Amazon is not only streaming NBA games for the first time this season — it’s also aiming to establish a new data-driven way to understand the sport.
The league on Wednesday announced a new multi-year partnership with Amazon Web Services on Wednesday that includes “NBA Inside the Game,” a new basketball intelligence platform fueled by AI.
The platform, built on AWS’ AI infrastructure alongside billions of data points, will enable new statistics such as “Defensive Box Score,” which uses AI to assign responsibility and measure individual defensive impact.
- There is also “Expected Field Goal %,” which calculates the likelihood of a shot going in based on positioning, pressure, and other variables.
- “Gravity” quantifies how much defensive attention a player attracts and the space they create for teammates even without the ball.
The new stats will show up across the NBA app, NBA.com, social channels, and during NBA on Prime broadcasts.
The partnership will also roll out “Play Finder,” a tool that lets broadcasters and fans search thousands of games for similar plays.
Julie Souza, AWS’ global head of sports, said the deal mirrors the company’s role with the NFL’s Next Gen Stats — framing it as both a technology showcase and a long-term innovation partnership.
For AWS, it’s an opportunity to turn basketball into a case study for AI at global scale.
“The reason we do these deals is to let us tell highly technical stories in really accessible ways,” Souza told GeekWire.
The deal establishes AWS as the official “cloud and cloud AI partner” of the NBA, WNBA, G League, Basketball Africa League, and NBA 2K League.
The partnership highlights Amazon’s dual role in sports: distributing games through Prime Video while embedding its technology deeper into leagues’ data and operations. The company already works with Formula 1 on real-time race insights, and with Bundesliga on its match data.

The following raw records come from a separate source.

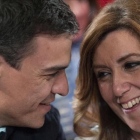 Pedro Sánchez y Susana Díaz, en marzo del 2015 durante un mitin en Vicar (Almería).-AFP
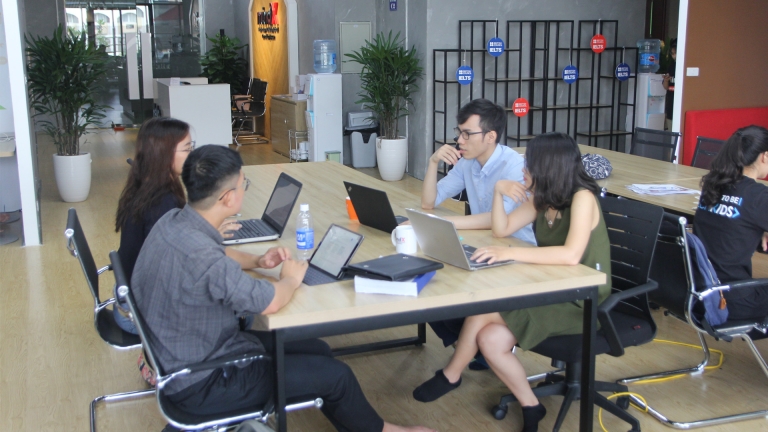 Trung tâm tiếng Anh ILIAT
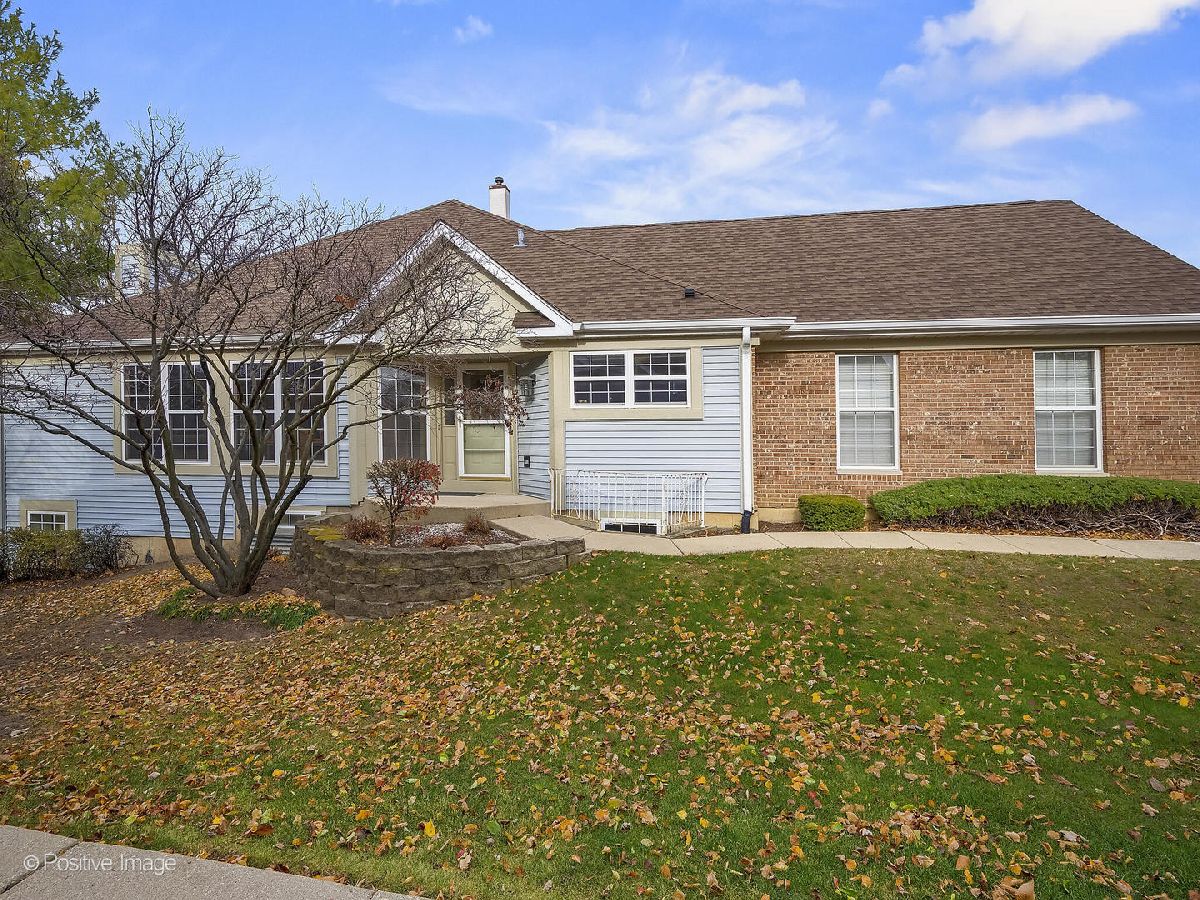 Townhomes Sold Columbine Glen Lombard Illinois, 352 Cimarron
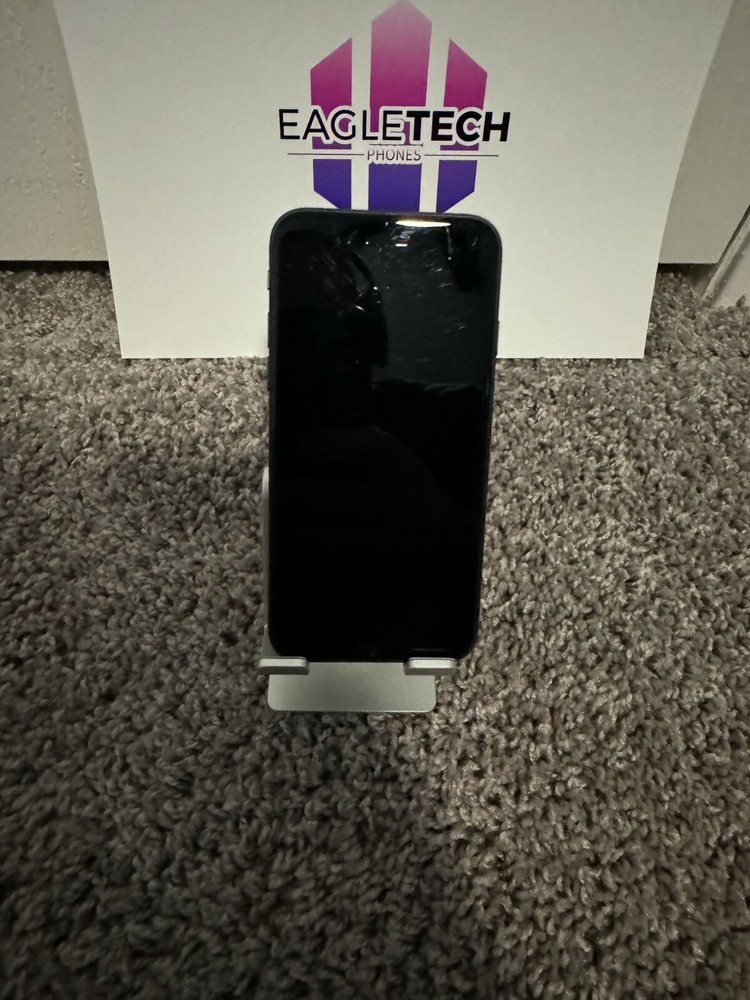 Apple iPhone SE 2nd Gen. – 128GB – Black (Unlocked) A2275 (CDMA + GSM)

Microsoft has a similar deal with the NFL, which uses the company’s cloud tools and Surface tablets.
this month, Amazon Prime Video will kick off new 11-year NBA rights deal, with 67 games streaming globally each season.
“NBA on Prime” is a significant addition to Amazon’s sports streaming catalog, which includes the NFL’s “Thursday Night Football” as well as live action from MLB, NASCAR, and Premier League soccer.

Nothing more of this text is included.